As your child moves into middle and high school, you should feel it is appropriate to drop in every now and then, as long as your son or daughter gives you the permission to do so-yes, I think we need to ask their permission if we want to attend practice. As he gets older, he will likely be embarrassed or at least uncomfortable if you are always in attendance. The key is to communicate with your child as he matures and listen to his desires in this matter.
Your Family Vacations Revolve Around the Athlete’s Sport
Family vacations can be some of the most memorable times for children. Unfortunately, more and more parents are choosing to combine their family vacations with their child’s sport. Once again you are likely to be sending the wrong message about the appropriate perspective regarding sport in your family’s life if this is the case. It is important to take some time as a family that is completely away from any organized sport. Allow your family to have a break from the pressures and“the grind” of the sport. When challenged, one father said his family does take family vacations that do not involve his high school son’s sport. However when asked to elaborate on their vacations, it turns out that the family often drives a motor home and the father will stop every few hundred miles and have his son run wind sprints up and down the side of the road so that he can stay sharp and in shape. It would be interesting to ask that athlete if he truly enjoys those “family vacations.”
In addition to promoting the wrong message about the sport and its significance compared to other aspects of family life, these vacations often cause unnecessary stress for the athlete. You might be more likely to get frustrated with your child if she doesn’t play very well when the whole family has taken this vacation so she could participate in the sport. Your child may begin to worry about letting you and other family members down and even feel guilty because everyone is spending their vacation time at the soccer field rather than on the beach because of her.
Your Circle of Friends is Limited to the Parents of Other Athletes
Take the time to examine your circle of friends and social acquaintances. If most or all are somehow related to the sport your child competes in, you probably don’t have much of a life outside that sport. If this is the case, make an effort to move outside this circle and spend time with adults who have other interests and can encourage you to expand yours. You will certainly send the message that your son or daughter’s sport isn’t everything to you.
The Main Topic of Conversation at Mealtime is Your Child’s Sport
Does your child’s sport dominate the conversation at mealtime in your household? Once again, if this is the case in your family, there is a good chance your child is receiving the wrong message about the importance of her sport compared to other aspects of life. This doesn’t mean that you should never talk about the sport during a meal. However, you should ask the athlete in your family if it is okay to discuss the sport. She might not want to talk about it during this time. If she says it is okay to discuss the sport during mealtime, it certainly shouldn’t be the only topic of conversation. Encourage and allow all members of the family to discuss their interests as well. This will provide a much more healthy balance for you and your child.

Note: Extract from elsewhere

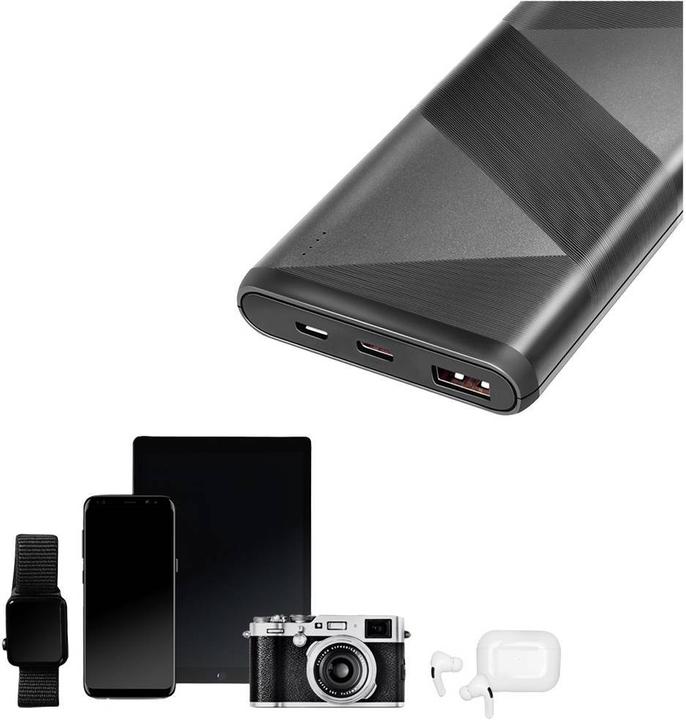 Immagine prodotto LogiLink Batteria ausiliaria mobile, 10.000 mAh, 2x USB, nero Batteria ausiliaria portatile per smartphone e (10000 mAh, 18 W, 37 Wh)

You Spend Time in Internet Chat Rooms that Discuss Your Child’s Team
The chat room phenomenon is clearly out of control in the college ranks, and is occurring more often at the high school and even youth levels in some parts of the country. For convenience sake, parents of athletes on the same team often develop an email tree to keep everyone up to date with what is happening with the team. Unfortunately, some parents take advantage of this very useful tool and use it as a chat room where they can have an open forum to discuss issues with their child’s team. Some parents take it even further and establish chat rooms with the sole purpose of discussing their child’s team. Often, parents question coaching decisions, individual athletes and other aspects of the team process. I have personally witnessed how these actions have had a very negative effect on teams. At a minimum, this seems to be a very questionable practice on the part of parents. Don’t allow yourself to get caught up in this potentially very destructive abuse of technology.